As for what not to eat, research suggests that vegetarians and vegans may have the lowest risk of cancer, as meat, dairy, and egg consumption have been linked to certain types of cancer. For carnivores, the biggest risk bump comes from eating red and processed meat: Red meat contains heme iron, and processed meats contain nitrates and nitrites, all of which may damage the lining of the colon and increase the risk of cancer. If all or nothing feels overwhelming, aim for moderation. “With red meat, the recommendation is no more than 18 ounces, cooked, per week,” says Bender. That’s the equivalent of about two restaurant burgers a week.
Get some sleep!
It’s not an obvious connection to make, but Tworoger says that sleep can actually factor into our cancer risk. How? “Studies show that people who have poor sleep habits — whether they have sleep apnea or sleep in short durations — can actually see changes in their metabolism that can lead to increased weight gain,” she says. “And that higher body fat can lead to worse sleep, which can exacerbate additional weight gain.” The lesson? Think twice before pulling that all-nighter.
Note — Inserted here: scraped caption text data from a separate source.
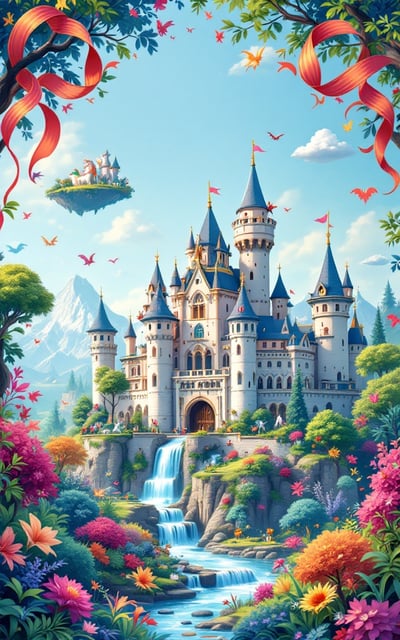 A whimsical castle surrounded by vibrant, enchanted forests under a clear blue sky. Floating islands with waterfalls and mythical creatures like dragons and unicorns add a magical touch. The castle is adorned with banners displaying vivid colors and symbols suggesting a kingdom filled with joy and wonder.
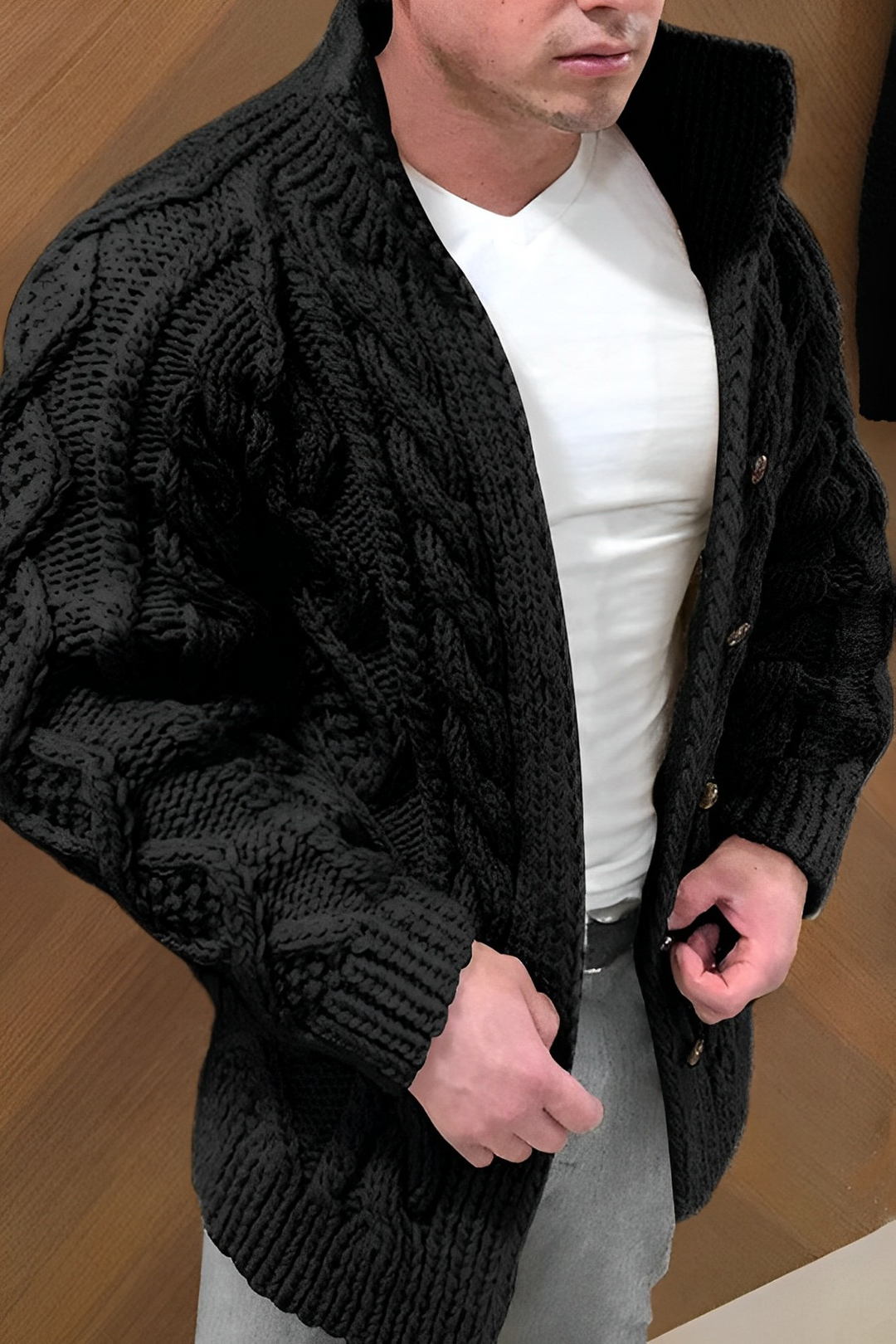 Warm Cardigan with Cable Pattern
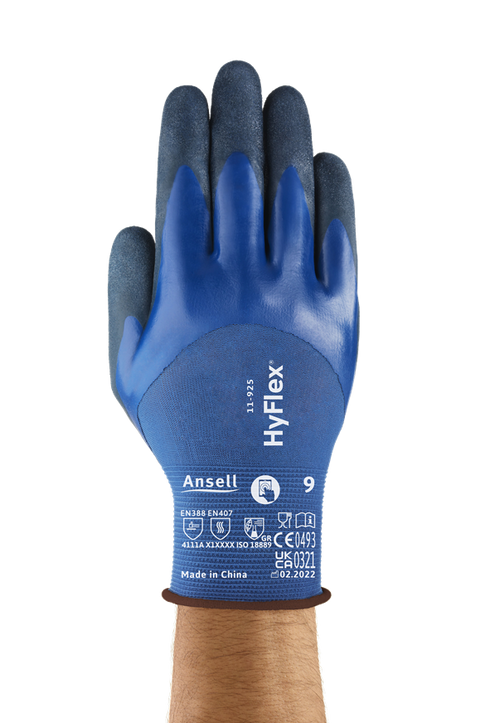 Ansell AN 11-925 Hyflex ¾ Nitril Kaplama Yağlı Ortam 100 ° Isı Dayanımlı İş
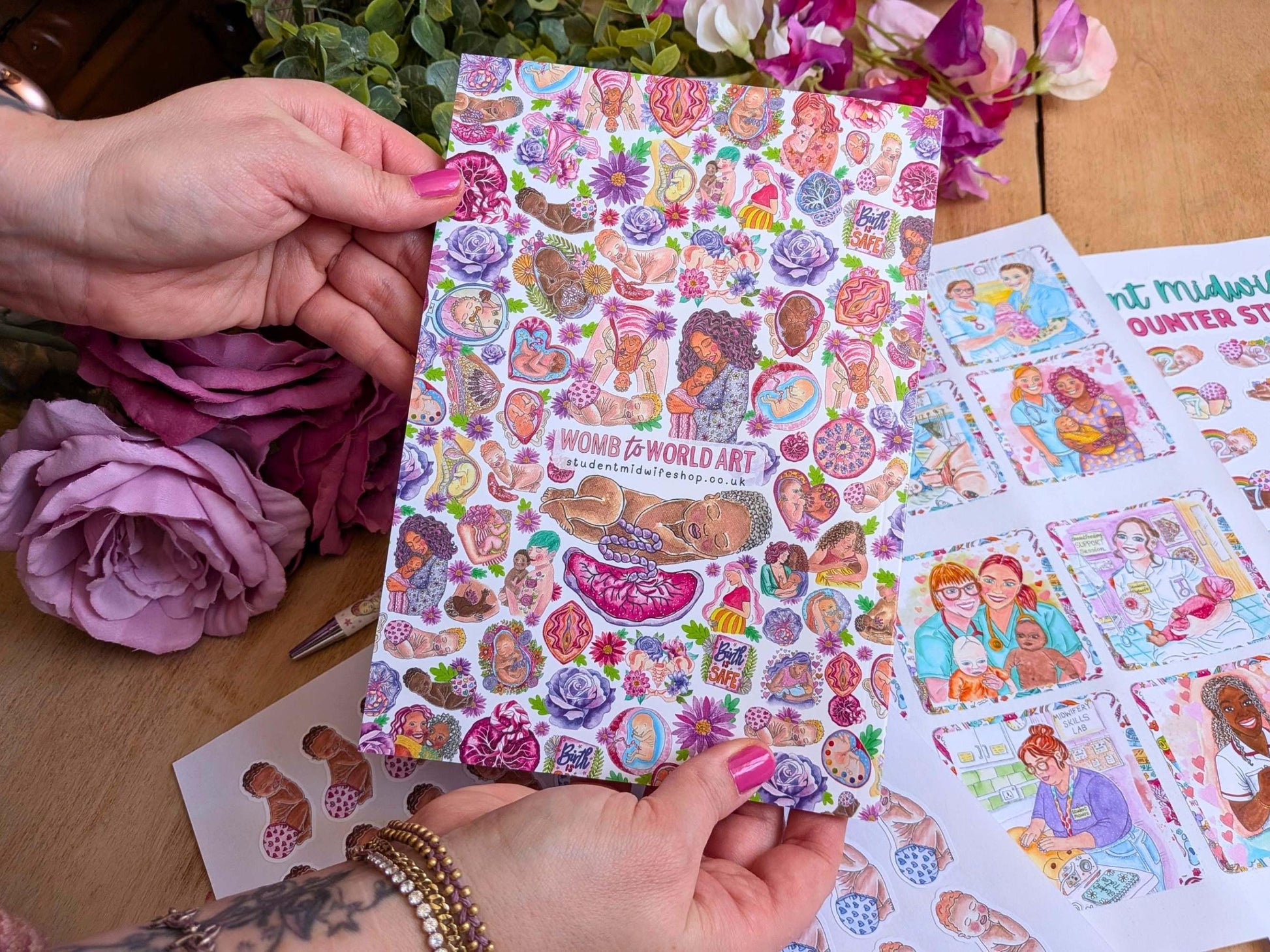 The back of the My First 40 Births student midwife birth counter journal by Womb to World Art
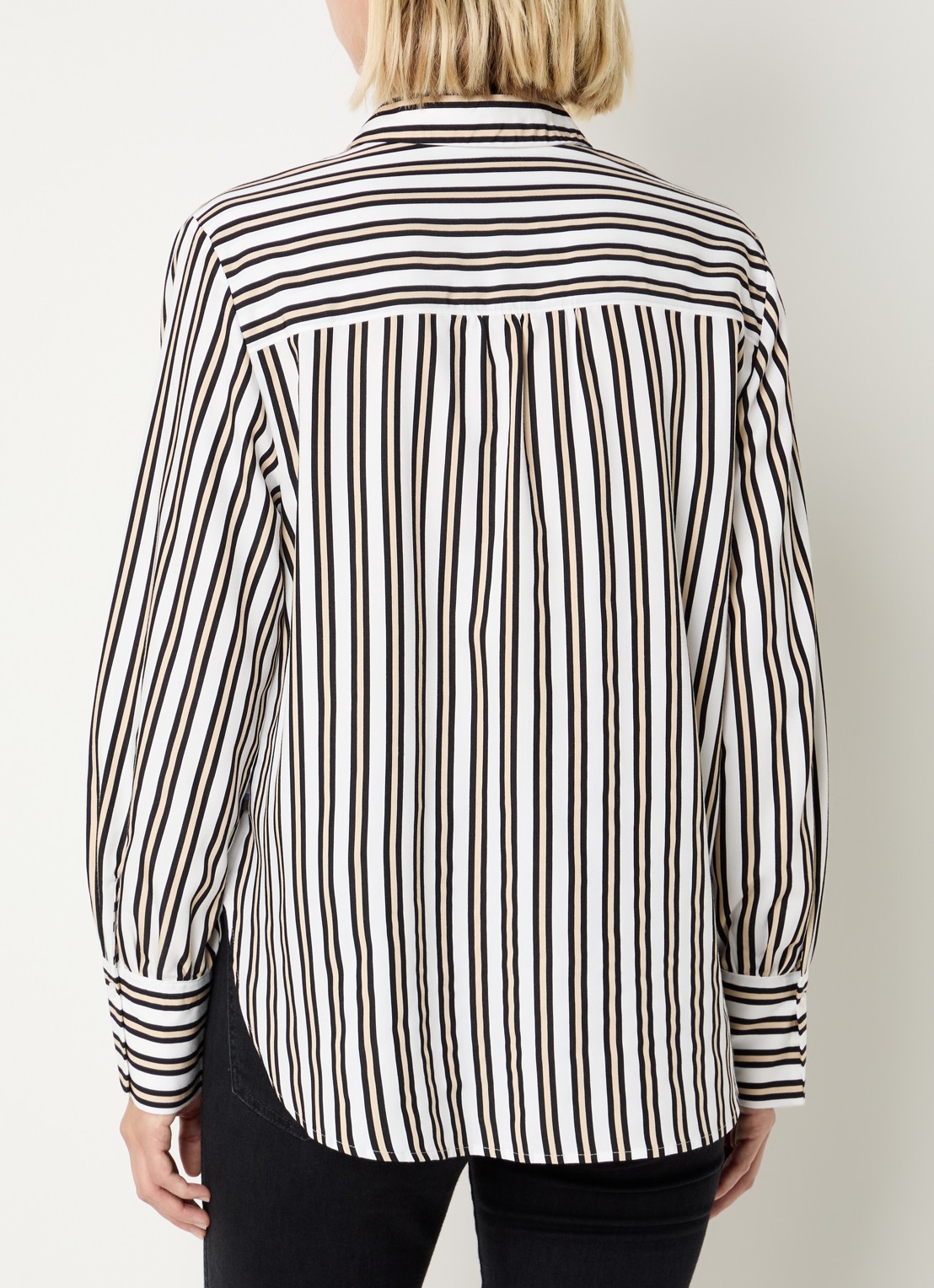 BRAX Vic blouse met streepprint  - achterkant zwart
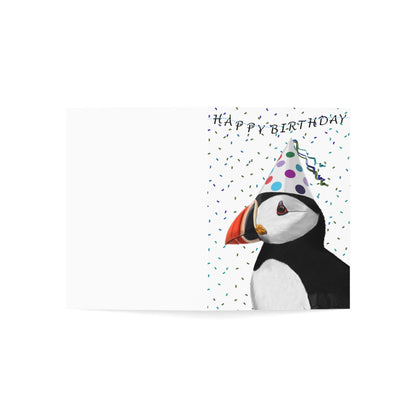Puffin with Party Hat Birthday Card – Premium Matte Bird Greeting Card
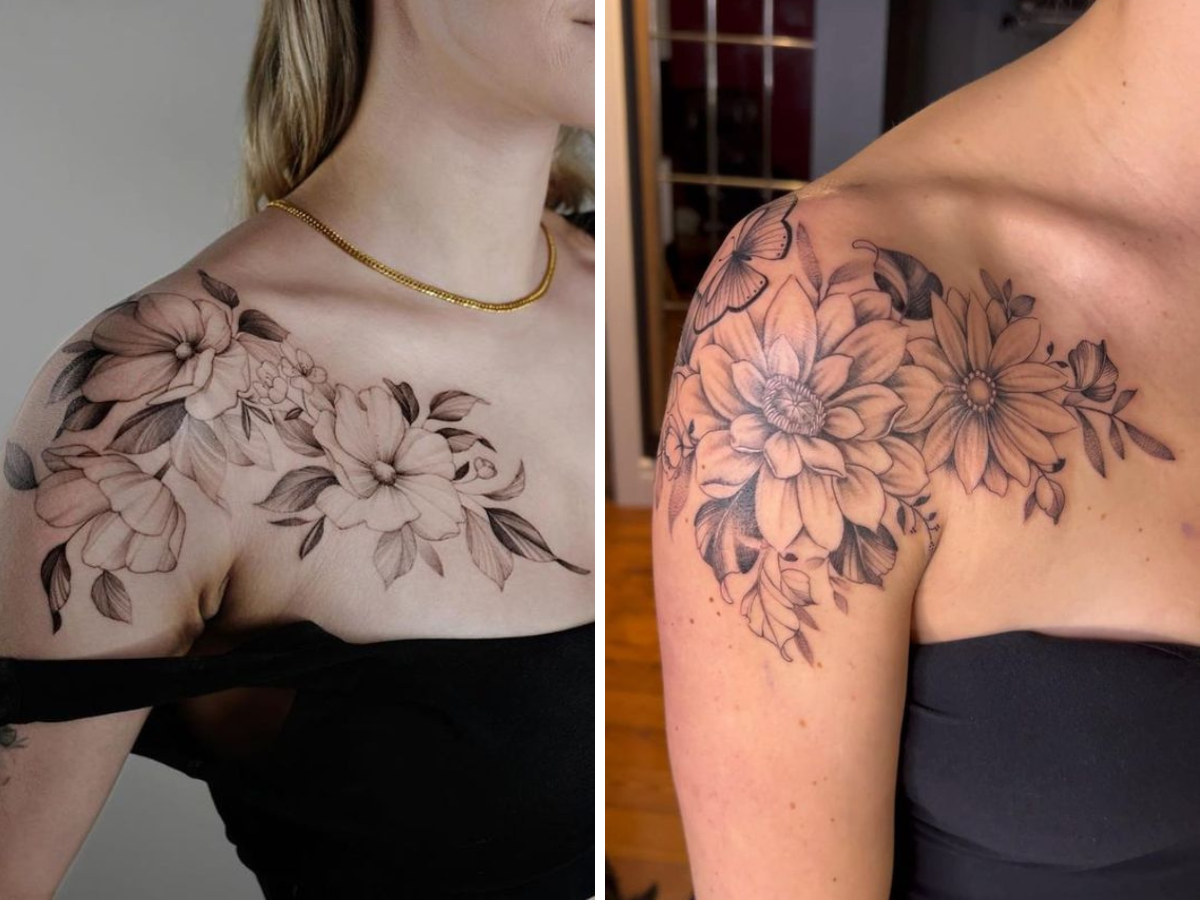 ideias de tatuagem feminina delicada no ombro para inspiração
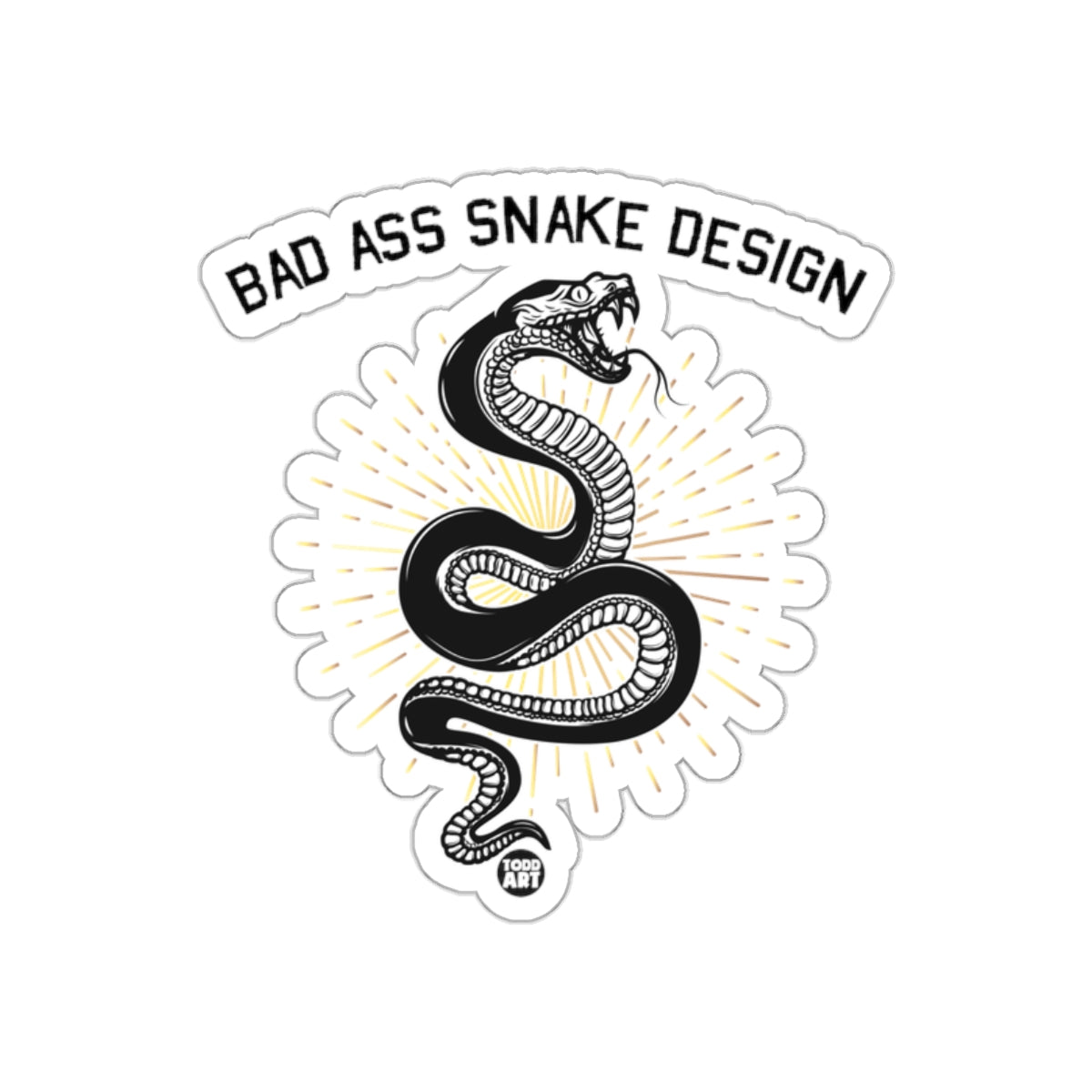 Bad Ass Snake Design Todd Art Black Snake Tattoo sticker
Get chatty with your doctor
For some, genetic history stacks the cards against them when it comes to cancer. “African-American men are more likely to be diagnosed with prostate cancer than men of other races,” Tworoger says. “And obviously you can’t change that fact.” But you can talk to your doctor about your family history and what steps you’re taking to shift the deck back in your favor. And when you’re chatting through history, be sure to include both men and women in your family tree. The BRCA mutation, for example, can signify much higher risk of breast and ovarian cancer in women. But BRCA can affect men, as well. Research has shown that men with certain BRCA mutations can be seven times more likely to develop prostate cancer.
Don’t smoke, silly
These days, it’s probably no surprise that smoking is harmful to you and everyone around you. What you might not know is that, for heavy smokers, it may increase your risk of death from cancer by 30 percent more than non-smokers. In addition to causing lung cancer, smoking — the leading cause of preventable disease and death — also has been linked with much higher instances of prostate cancer —not to mention cancers of the liver, mouth, throat, colon, bladder, and blood. As the Centers for Disease Control and Prevention puts it: “Smoking can cause cancer almost anywhere in your body.” And in the US there’s a much higher prevalence of male smokers than women. Want to give that stat the brush off? Nix the nicotine.
Slather on the Sunscreen
First, the bad news: According to the National Cancer Institute, the rate of melanoma incidences among American adult males has nearly quadrupled since the 1970s. But the good news is that research shows that daily sunscreen use may halve your risk of developing melanoma, the most deadly form of skin cancer. Want to maximize your protection? Make sure you’re putting that sunscreen on right (mistakes are more common than you might think!).